We stockpiled, considered building bunkers, and generally prepared for the first tech apocalypse on January 1, 2000, like it might be the end of the world. But the original Y2K came and went and was nothing compared to Y2K24.
That’s what many have come to call the CrowdStrike outage that sparked a global tech calamity on an unprecedented scale.
The particulars, as we understand them, are this: cybersecurity firm CloudStrike delivered a bad bit of code to Windows host systems around the world that led to those Windows systems and servers crashing and blue screening across the globe. CloudStrike has thousands of customers, many of them in business, enterprise, government, travel, health, and more… the list goes on.
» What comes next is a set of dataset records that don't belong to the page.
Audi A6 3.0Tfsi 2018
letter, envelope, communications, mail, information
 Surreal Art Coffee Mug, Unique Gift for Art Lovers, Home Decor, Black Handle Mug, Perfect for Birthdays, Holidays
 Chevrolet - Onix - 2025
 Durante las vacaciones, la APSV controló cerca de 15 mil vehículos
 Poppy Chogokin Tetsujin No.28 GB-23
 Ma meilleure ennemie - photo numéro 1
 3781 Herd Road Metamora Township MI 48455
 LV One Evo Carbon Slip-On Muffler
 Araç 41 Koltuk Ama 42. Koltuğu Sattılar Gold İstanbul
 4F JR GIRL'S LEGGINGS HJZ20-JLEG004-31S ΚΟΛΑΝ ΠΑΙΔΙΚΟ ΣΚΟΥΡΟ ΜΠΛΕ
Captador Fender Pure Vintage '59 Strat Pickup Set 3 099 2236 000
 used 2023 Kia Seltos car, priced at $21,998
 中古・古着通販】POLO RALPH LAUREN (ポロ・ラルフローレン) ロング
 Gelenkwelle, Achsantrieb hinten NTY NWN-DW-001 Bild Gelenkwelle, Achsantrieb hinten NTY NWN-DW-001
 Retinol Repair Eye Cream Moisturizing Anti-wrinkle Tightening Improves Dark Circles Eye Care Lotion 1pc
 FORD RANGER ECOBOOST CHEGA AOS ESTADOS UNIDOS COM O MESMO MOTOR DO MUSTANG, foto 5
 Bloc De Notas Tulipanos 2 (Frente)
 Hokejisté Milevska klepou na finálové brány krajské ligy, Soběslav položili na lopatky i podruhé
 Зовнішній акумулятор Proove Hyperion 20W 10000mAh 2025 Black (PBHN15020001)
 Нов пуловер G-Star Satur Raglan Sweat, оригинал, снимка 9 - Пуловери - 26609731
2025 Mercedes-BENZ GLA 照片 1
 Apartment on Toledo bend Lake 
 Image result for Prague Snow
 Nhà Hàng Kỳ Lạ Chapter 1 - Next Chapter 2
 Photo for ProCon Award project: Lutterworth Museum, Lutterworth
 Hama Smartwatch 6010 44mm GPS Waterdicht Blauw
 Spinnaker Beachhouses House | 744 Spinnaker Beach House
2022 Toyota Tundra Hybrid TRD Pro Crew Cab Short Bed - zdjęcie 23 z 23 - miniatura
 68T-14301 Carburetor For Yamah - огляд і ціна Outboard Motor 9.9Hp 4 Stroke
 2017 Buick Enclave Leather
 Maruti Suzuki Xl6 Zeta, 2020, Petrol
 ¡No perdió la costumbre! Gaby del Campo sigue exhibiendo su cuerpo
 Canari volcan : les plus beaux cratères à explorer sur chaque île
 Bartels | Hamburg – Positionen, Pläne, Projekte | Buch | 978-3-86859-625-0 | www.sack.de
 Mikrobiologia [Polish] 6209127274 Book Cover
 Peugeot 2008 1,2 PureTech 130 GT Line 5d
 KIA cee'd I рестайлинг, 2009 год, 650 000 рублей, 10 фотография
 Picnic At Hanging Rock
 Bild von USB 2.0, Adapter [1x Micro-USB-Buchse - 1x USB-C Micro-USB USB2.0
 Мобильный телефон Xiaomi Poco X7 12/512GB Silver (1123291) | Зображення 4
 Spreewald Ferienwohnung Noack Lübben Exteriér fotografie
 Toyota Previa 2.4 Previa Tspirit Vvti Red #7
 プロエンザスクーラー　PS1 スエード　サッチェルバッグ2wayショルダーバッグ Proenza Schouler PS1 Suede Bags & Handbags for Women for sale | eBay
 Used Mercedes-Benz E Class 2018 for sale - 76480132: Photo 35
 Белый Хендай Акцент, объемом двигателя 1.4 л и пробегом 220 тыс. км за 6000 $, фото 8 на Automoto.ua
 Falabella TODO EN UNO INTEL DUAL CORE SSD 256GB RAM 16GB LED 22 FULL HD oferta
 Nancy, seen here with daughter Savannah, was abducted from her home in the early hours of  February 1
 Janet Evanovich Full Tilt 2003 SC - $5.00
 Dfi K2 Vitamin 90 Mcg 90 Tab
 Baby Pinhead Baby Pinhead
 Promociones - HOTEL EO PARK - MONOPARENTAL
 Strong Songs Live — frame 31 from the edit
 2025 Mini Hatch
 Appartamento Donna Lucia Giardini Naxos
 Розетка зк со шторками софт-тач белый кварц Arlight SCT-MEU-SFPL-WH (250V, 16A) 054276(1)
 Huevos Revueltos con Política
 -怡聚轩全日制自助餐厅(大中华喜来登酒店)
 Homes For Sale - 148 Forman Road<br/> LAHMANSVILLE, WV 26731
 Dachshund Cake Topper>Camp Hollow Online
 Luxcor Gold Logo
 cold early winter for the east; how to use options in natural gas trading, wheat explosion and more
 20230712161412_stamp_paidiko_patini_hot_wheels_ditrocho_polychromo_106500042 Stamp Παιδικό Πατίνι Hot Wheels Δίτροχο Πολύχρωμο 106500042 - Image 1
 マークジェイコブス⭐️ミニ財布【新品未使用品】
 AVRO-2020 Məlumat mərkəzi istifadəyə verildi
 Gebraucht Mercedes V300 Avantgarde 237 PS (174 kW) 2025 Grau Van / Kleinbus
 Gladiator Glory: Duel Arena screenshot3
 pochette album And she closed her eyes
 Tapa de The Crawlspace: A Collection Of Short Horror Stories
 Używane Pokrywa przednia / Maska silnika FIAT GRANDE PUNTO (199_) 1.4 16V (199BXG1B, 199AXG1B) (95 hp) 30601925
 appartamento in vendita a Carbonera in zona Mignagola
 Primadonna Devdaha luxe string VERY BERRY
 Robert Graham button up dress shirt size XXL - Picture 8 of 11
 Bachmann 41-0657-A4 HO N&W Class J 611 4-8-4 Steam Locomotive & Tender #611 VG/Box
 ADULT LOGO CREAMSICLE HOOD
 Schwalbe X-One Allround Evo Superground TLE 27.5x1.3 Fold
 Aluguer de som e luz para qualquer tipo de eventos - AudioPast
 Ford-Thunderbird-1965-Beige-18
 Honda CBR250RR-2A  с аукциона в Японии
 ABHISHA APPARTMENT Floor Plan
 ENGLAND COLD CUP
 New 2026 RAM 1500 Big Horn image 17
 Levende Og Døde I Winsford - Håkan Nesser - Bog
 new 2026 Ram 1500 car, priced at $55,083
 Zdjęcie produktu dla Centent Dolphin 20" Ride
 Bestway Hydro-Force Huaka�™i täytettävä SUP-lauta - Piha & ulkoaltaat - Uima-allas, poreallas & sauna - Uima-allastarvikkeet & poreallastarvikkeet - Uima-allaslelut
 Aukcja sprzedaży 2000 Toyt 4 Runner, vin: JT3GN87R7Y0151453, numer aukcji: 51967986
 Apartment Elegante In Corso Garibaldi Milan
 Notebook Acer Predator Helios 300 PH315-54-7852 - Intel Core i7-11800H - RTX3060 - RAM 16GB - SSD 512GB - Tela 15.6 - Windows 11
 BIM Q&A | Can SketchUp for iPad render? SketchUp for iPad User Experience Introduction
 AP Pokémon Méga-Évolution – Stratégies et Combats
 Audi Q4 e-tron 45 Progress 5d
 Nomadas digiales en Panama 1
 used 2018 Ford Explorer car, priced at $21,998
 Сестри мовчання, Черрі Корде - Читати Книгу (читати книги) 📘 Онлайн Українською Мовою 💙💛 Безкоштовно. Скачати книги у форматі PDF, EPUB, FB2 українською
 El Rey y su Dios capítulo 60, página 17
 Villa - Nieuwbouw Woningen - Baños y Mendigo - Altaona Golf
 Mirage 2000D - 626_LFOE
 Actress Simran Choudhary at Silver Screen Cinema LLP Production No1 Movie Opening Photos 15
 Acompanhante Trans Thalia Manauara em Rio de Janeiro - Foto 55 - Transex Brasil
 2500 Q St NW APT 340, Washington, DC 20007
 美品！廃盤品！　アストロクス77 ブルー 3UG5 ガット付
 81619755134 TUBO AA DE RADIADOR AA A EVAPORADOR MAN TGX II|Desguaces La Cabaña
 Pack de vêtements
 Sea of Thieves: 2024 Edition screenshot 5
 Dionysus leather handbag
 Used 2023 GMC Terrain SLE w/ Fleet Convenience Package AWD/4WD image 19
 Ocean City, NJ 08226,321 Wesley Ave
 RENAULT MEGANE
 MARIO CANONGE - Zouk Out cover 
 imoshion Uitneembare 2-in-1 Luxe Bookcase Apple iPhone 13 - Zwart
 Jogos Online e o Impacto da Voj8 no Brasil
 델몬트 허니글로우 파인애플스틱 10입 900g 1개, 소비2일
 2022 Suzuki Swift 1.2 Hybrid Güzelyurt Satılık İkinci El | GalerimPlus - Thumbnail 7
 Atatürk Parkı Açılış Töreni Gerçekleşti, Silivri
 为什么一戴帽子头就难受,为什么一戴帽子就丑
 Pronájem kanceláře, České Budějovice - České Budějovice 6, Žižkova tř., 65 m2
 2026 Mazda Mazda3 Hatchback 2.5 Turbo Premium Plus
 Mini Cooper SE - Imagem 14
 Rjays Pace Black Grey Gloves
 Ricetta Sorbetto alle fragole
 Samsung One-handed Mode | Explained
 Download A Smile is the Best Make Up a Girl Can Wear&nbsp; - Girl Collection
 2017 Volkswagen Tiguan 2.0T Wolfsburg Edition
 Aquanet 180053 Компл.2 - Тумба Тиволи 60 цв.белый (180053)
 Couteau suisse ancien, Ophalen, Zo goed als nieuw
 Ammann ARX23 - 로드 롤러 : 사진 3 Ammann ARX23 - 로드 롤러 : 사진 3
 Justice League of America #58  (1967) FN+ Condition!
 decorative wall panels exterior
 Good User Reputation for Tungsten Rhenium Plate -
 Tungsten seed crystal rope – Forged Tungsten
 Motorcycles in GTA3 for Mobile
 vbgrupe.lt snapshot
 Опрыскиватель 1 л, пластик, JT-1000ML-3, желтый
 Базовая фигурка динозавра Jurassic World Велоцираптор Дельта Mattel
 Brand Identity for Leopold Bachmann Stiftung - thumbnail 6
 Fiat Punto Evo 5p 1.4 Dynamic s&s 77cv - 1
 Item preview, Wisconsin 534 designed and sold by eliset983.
Travel was upended, health providers couldn’t serve patients, banks were unavailable, stock markets closed, and shipments stalled. Everything basically went to hell for most of July 19th, a day that will go down in history as the worst IT outage ever and our Y2K24.
I didn’t make up that term.
A bit of me on @CNN this morning talking about the #CloudStrike outage pic.twitter.com/0tckiXxxujJuly 19, 2024
I spent most of Friday on TV explaining the outage and answering questions. Most revolved around how this could happen, but TV anchors were equally concerned with how we could prevent this from happening again.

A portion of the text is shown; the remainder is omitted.